- _Input_
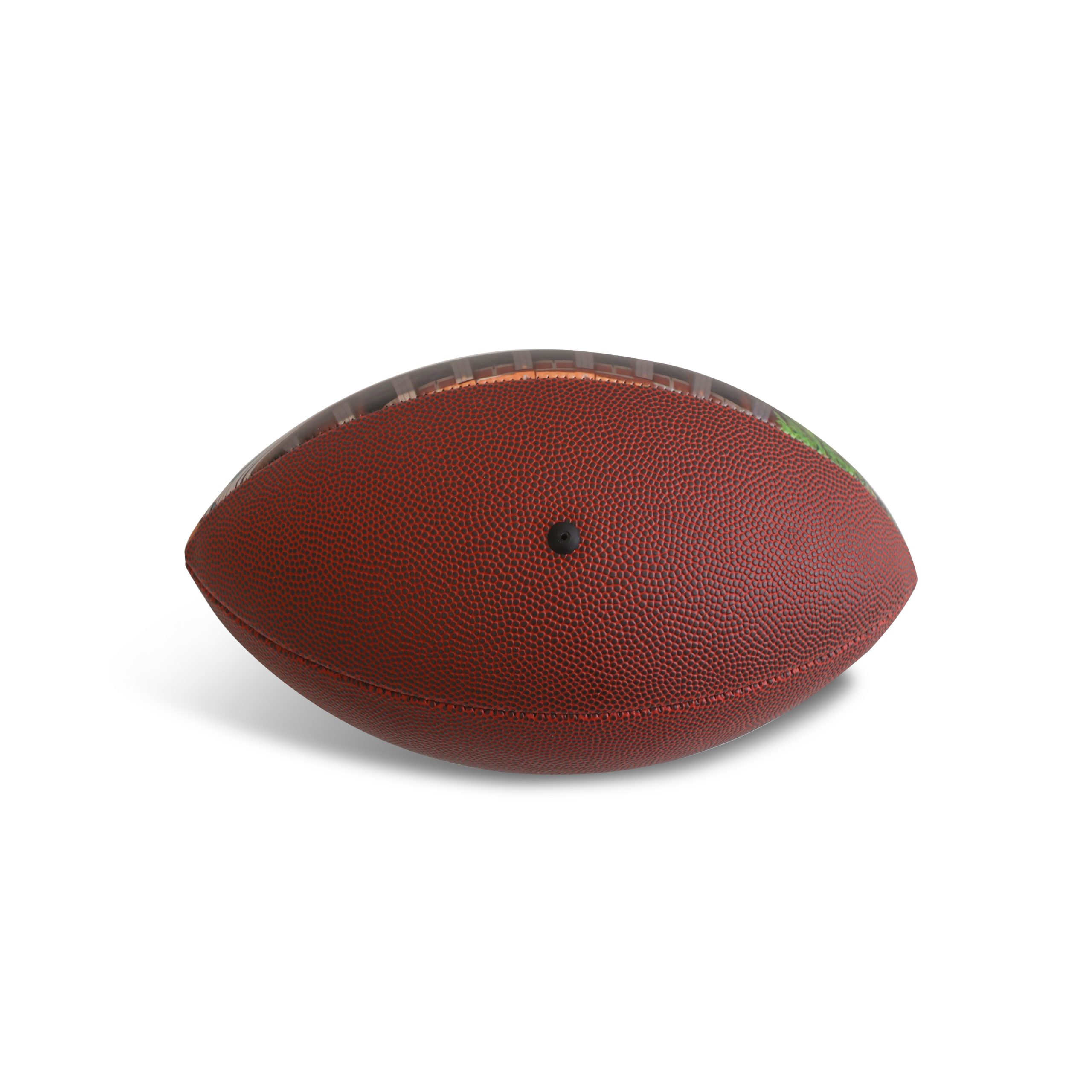 Promotional American Football - Image 3
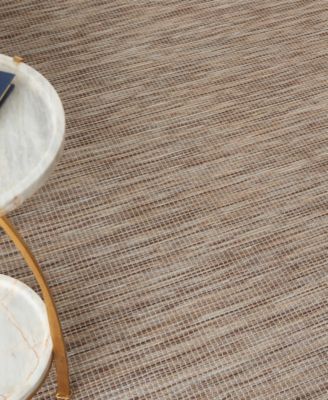 Positano POS01 5'x7' Area Rug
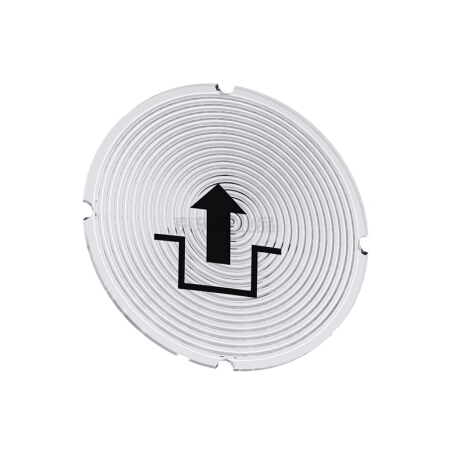 西门子 按钮附件,插入标签,10个/盒；3SU19000AB710RL0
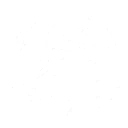S1
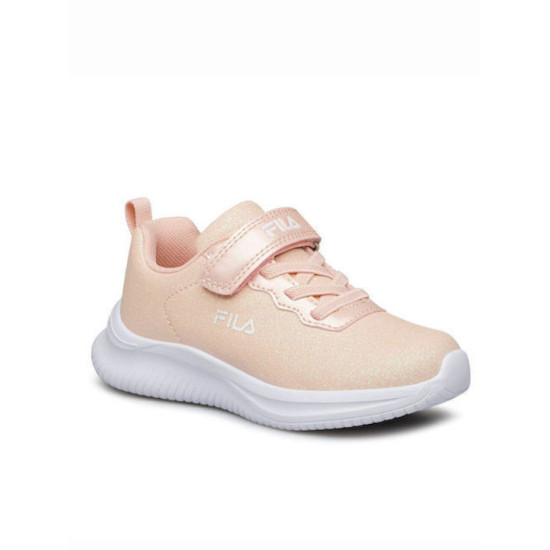 ΑΘΛΗΤΙΚΑ FILA COMFORT 3AF31031-551 B ΚΟΡΙΤΣΙ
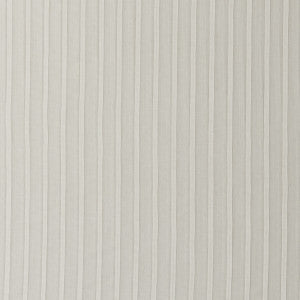 Cecilia Parchment by Clarke And Clarke Fabric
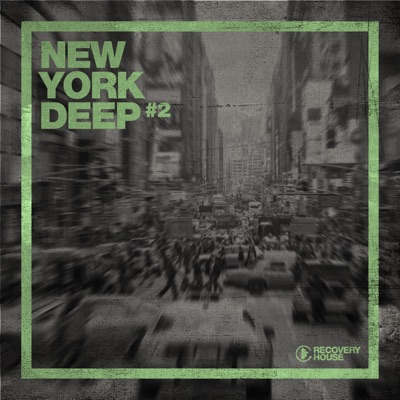 New York Deep #2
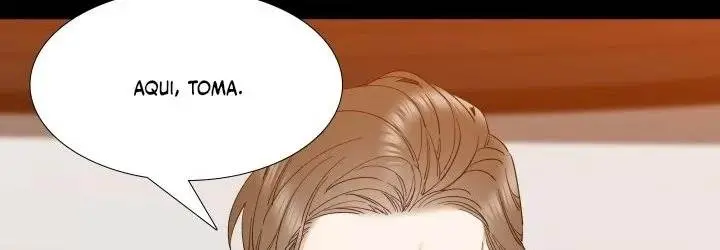 Entusiasmo – Capítulo 15 Yaoi – Página 87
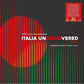 Fred Ventura Presents Italia Undisco Vered, Vol. 2: Modern Disco From Italy - Vinyl LP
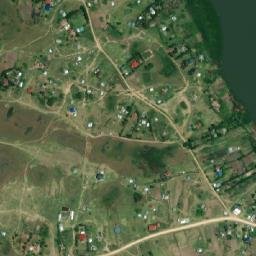 Satellite imagery of 1700600183, KE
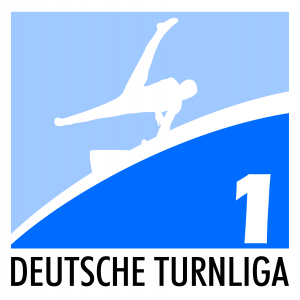 Mehr über den Artikel erfahren Männer-Finale 2025 – Zwei Duelle, ein Abend voller Spannung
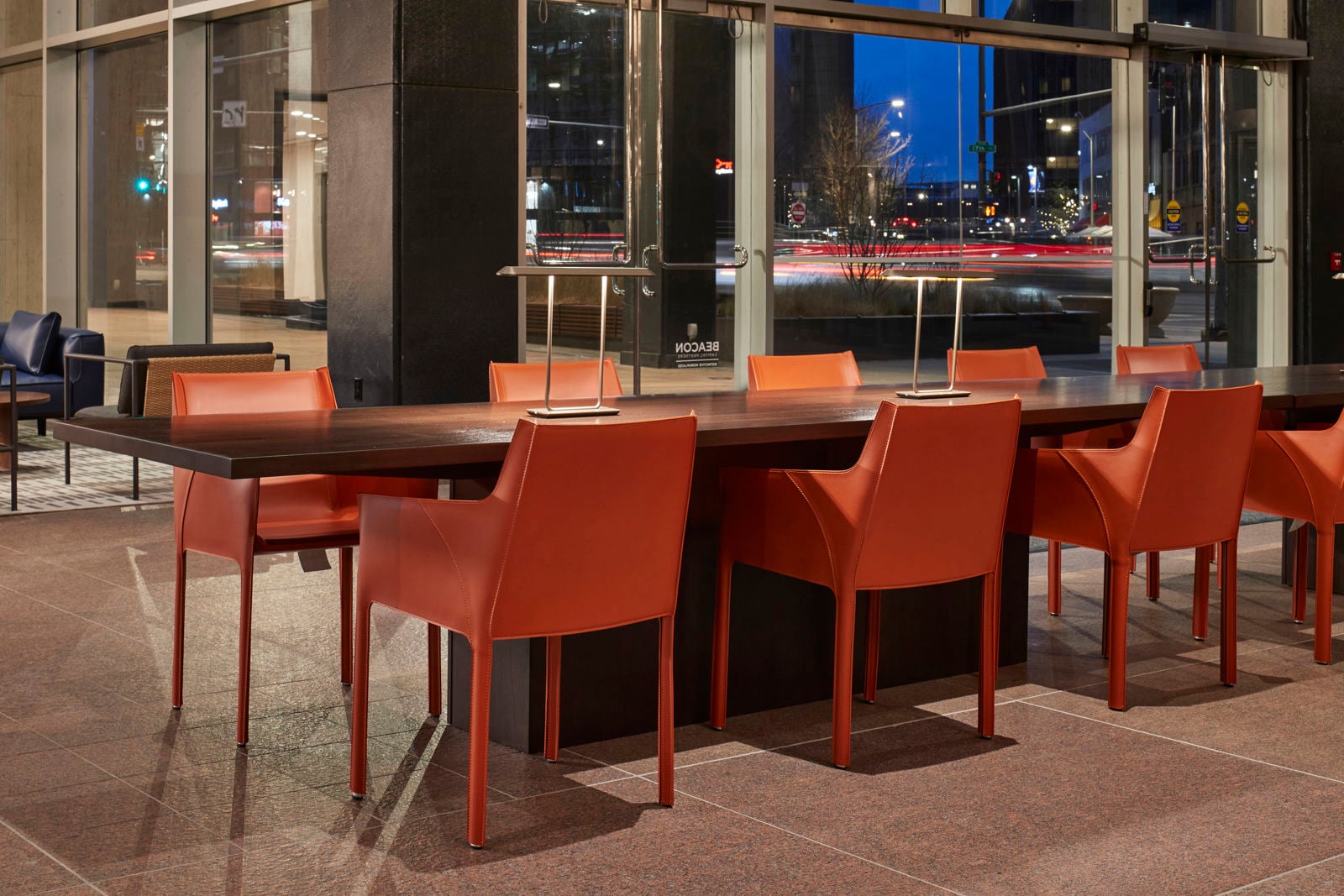 BeaconCapital_1700Broadway_N_135819 copy.JPG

- _Task requirements_
Leaving aside the images, write out the entries above word for word.

- _Expected output_
 Promotional American Football - Image 3
 Positano POS01 5'x7' Area Rug
 西门子 按钮附件,插入标签,10个/盒；3SU19000AB710RL0
S1
 ΑΘΛΗΤΙΚΑ FILA COMFORT 3AF31031-551 B ΚΟΡΙΤΣΙ
 Cecilia Parchment by Clarke And Clarke Fabric
 New York Deep #2
 Entusiasmo – Capítulo 15 Yaoi – Página 87
 Fred Ventura Presents Italia Undisco Vered, Vol. 2: Modern Disco From Italy - Vinyl LP
 Satellite imagery of 1700600183, KE
 Mehr über den Artikel erfahren Männer-Finale 2025 – Zwei Duelle, ein Abend voller Spannung
 BeaconCapital_1700Broadway_N_135819 copy.JPG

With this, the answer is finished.